Monday, April 19, 2010

Media Nudity Received Differently Depending on Race?

In an age when music videos get crazier and crazier (see: Lady Gaga’s Telephone if you have any doubts), it would seem that a little nudity is no big deal. But, when the artist Erykah Badu walked naked down the street in Dallas, Texas while filming a music video, the country went up-in-arms. At first, Dallas officials said that they would be unable to press charges unless a witness of the event came forward to complain; of course, shortly after stating that someone came forward.

The question remaining is what the real controversy is over: a woman walking naked down a Dallas street, or a black woman walking naked down a Dallas street. After all, Badu paid homage to Matt and Kim at the beginning of the video, clearly referencing their similar naked parade (see video below). Granted, Matt and Kim did go through the process of getting the proper permits for the act, which Badu neglected; yet, it is still interesting to see how the videos were received.

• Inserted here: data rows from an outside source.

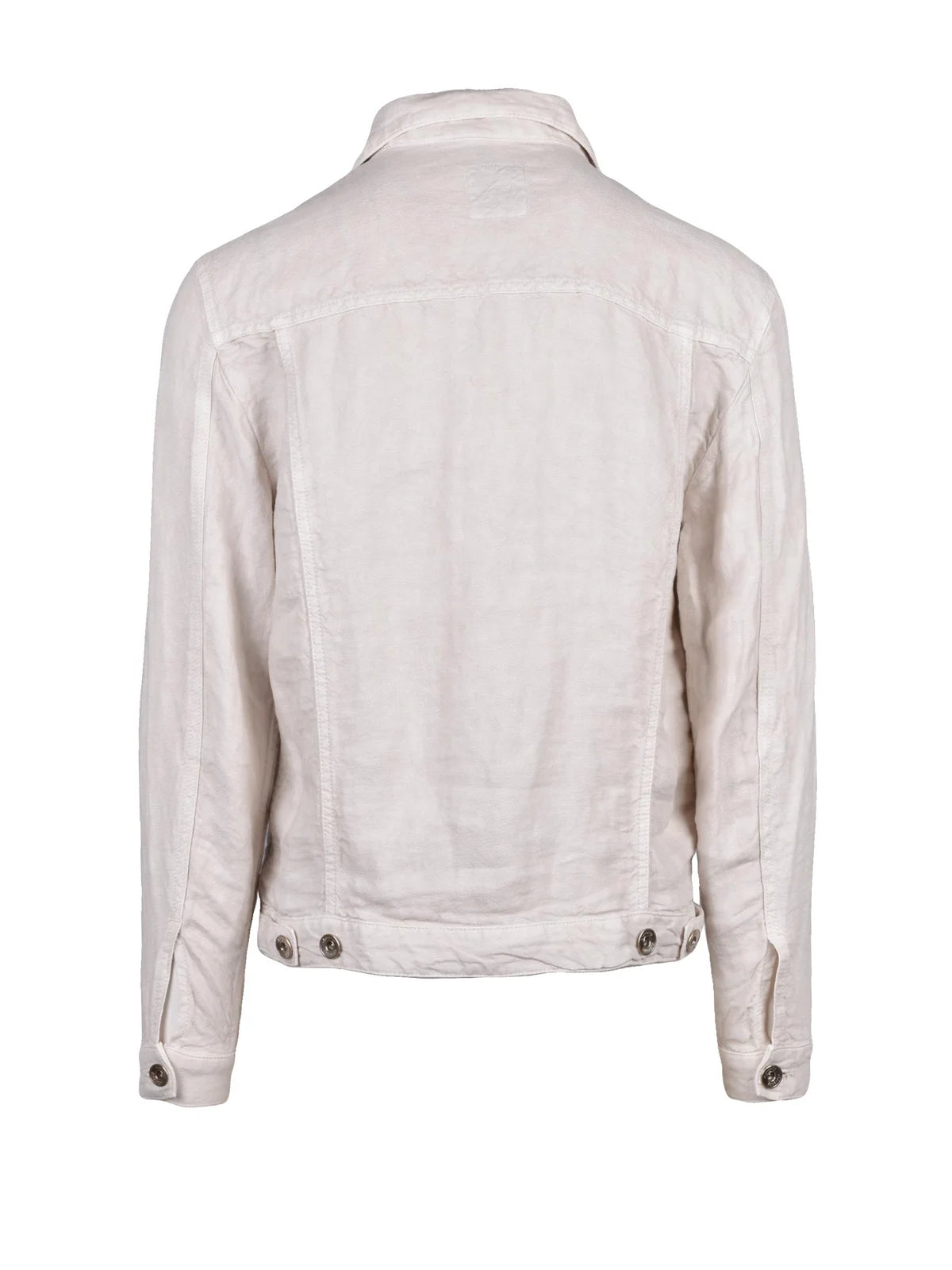 Beige Linen Jacket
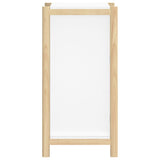Sideboard White 62x38x75 cm Engineered Wood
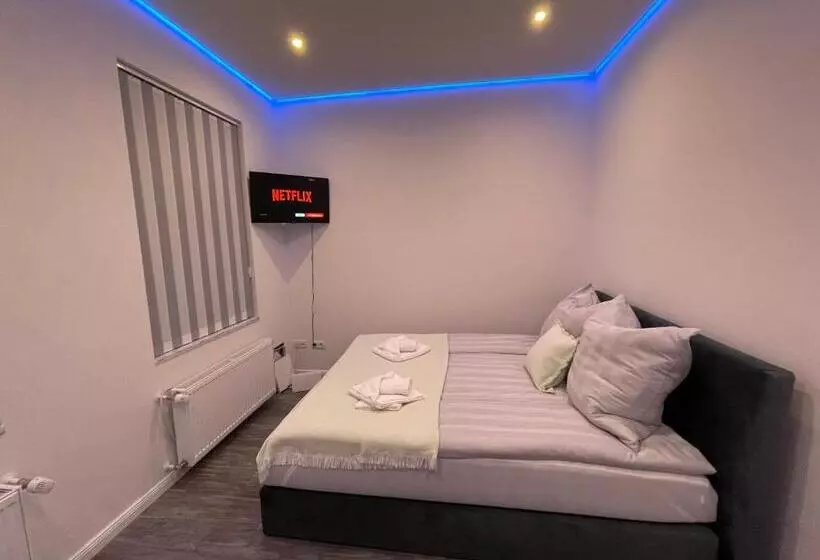 ペンション Cityglücknms   Direkt Am Bahnhof Und Einkaufszentrum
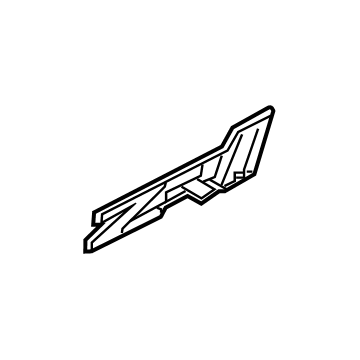 GM 84460853 Nameplate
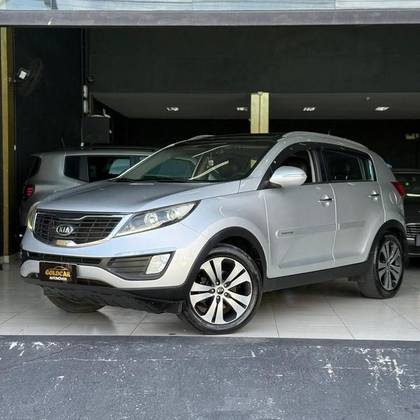 KIA SPORTAGE 2.0 EX 4X2 16V FLEX 4P AUTOMÁTICO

Both videos had children on scene witnessing the event, though. Badu was criticized for being naked in front of children. This criticism went so far that Dallas police used the fact that “[Badu] disrobed in a public place without regard to individuals and small children who were close by” to charge her with disorderly conduct. Matt and Kim avoided any and all fines, even though their escapade was witnessed by far more people, including “small children.”
There has been so much outrage surrounding the event that people from across the country were calling into “express their concern.”

Why is it that two white individuals can walk through time square with hundreds of people witnessing the event and there is not so much as a mention of the event (at least I never heard about it, I could be wrong), while one black woman walking the streets of Dallas can face criminal charges, national publicity, international publicity, and be criticized profusely?